Beautiful Scenry Makes Our County Special

Here are some interesting facts about our county, it has many beautiful scenic spots.  This article was written many years ago, but most of it holds true today.

Wilson Hill near Marion (this spot was opened up over 30 years ago as a subdivision of Marion known as Briarwood Lane) is the highest point in Crittenden County, with an elevation of 842 feet.  This information was taken from a series of topographical maps that used to be available from the Kentucky Department of Economic Development.  It takes 14 maps to cover the county completely.

This old picture was taken many years ago from the top of Wilson Hill.  The town of Marion can be seen in the background.  The photograph was titled "A Birds Eye View."

In all there are 10 hills in Crittenden County that top 700 feet in elevation above sea level.  Next to the Wilson Hill, the highest is Hardin Knob, roughly west of Marion and North of Salem.

This picture of Hardin's Knob was taken from the Zion  Cemetery Road, north of Levias, in January 2013. 

A series of knobs south of Marion are prominent.  The highest is Jackson Knob, which is higher than 820

The Crayne Knobs are more than 810- feet high.
 Here history has been changed, for the Crayne Knobs are no more.  They were destroyed in the year 2012 for a new 2-lane highway.  They were blasted away and the rocks were used as filler for the road on both sides of these landmarks knobs.

This picture was made some years before it was known they were going to be destroyed.

The highest peak in the northern section of the county is called The Pinnacle and is located on the Baker Church Road and can be seen from the church location, it is 792 feet.  To the east of Marion the only peak above 700 feet is Pickens Hill, near Tribune, upon which the Tribune Fire Tower was located.  It s altitude in 701 feet.

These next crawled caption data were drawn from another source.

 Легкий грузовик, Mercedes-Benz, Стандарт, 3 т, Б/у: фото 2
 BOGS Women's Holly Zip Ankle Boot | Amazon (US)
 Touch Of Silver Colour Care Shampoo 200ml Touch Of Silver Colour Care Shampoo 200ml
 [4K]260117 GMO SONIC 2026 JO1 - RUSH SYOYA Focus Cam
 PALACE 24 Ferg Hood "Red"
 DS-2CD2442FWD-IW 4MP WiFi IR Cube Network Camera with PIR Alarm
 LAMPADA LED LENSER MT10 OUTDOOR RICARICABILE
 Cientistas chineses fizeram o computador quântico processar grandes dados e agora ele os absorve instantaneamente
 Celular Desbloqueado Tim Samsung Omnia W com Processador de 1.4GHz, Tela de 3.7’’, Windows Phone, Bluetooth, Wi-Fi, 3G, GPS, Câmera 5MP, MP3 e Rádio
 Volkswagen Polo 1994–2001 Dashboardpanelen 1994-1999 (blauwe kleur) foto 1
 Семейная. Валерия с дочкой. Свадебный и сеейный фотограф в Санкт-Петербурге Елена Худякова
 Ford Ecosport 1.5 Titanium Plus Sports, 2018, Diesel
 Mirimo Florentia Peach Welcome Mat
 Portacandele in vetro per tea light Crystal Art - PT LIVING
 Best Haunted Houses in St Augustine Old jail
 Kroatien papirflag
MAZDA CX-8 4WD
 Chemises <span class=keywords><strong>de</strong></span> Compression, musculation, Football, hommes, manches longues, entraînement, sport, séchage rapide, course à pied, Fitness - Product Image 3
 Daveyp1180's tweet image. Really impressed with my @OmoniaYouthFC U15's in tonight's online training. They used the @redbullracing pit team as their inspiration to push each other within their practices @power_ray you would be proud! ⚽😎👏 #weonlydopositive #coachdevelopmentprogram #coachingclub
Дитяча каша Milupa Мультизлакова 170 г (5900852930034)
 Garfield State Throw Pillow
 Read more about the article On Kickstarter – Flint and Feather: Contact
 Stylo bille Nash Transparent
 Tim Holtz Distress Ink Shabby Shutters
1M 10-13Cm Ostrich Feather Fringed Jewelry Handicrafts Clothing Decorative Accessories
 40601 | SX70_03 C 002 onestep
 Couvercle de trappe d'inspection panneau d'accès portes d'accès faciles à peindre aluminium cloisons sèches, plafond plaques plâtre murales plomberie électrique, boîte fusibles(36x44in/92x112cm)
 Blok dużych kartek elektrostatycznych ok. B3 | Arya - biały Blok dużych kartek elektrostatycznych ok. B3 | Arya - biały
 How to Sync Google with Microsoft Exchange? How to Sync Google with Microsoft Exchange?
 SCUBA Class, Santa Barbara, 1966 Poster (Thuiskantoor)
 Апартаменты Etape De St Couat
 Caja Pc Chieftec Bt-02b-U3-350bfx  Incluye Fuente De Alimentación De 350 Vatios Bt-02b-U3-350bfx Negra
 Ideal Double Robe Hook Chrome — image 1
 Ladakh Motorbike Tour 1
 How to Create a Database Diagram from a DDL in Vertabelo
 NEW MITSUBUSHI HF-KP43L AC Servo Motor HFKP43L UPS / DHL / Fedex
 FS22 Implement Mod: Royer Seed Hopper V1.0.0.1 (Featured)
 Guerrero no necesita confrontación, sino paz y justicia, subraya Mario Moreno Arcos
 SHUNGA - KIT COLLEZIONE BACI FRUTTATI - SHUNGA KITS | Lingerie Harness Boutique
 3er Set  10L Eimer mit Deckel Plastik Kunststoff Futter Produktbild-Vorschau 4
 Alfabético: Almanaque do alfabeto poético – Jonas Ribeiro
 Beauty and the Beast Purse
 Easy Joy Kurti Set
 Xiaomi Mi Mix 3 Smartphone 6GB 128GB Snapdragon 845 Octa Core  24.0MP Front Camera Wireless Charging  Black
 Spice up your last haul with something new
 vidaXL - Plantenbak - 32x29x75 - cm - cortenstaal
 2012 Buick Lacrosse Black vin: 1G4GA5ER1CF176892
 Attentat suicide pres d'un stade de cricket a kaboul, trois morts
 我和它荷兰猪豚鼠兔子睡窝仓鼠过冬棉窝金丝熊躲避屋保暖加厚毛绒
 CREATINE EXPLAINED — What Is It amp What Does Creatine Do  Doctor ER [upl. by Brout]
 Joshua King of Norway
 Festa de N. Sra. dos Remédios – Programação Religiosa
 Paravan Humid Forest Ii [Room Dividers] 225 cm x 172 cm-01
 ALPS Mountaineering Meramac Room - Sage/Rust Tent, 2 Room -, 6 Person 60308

The county has a splendid water supply, the Ohio River bordering a distance of 30 miles, the Cumberland River 15 miles, and the Tradewater River 20 miles.  There are many small streams in the county, such as Hurricane and Crooked Creek which empty into the Ohio on the north; Livingston and Clay Lick which flow southward and empty into the Cumberland River and Piney, Long Branch and Caney Creek which empty into the Tradewater River on the northeast.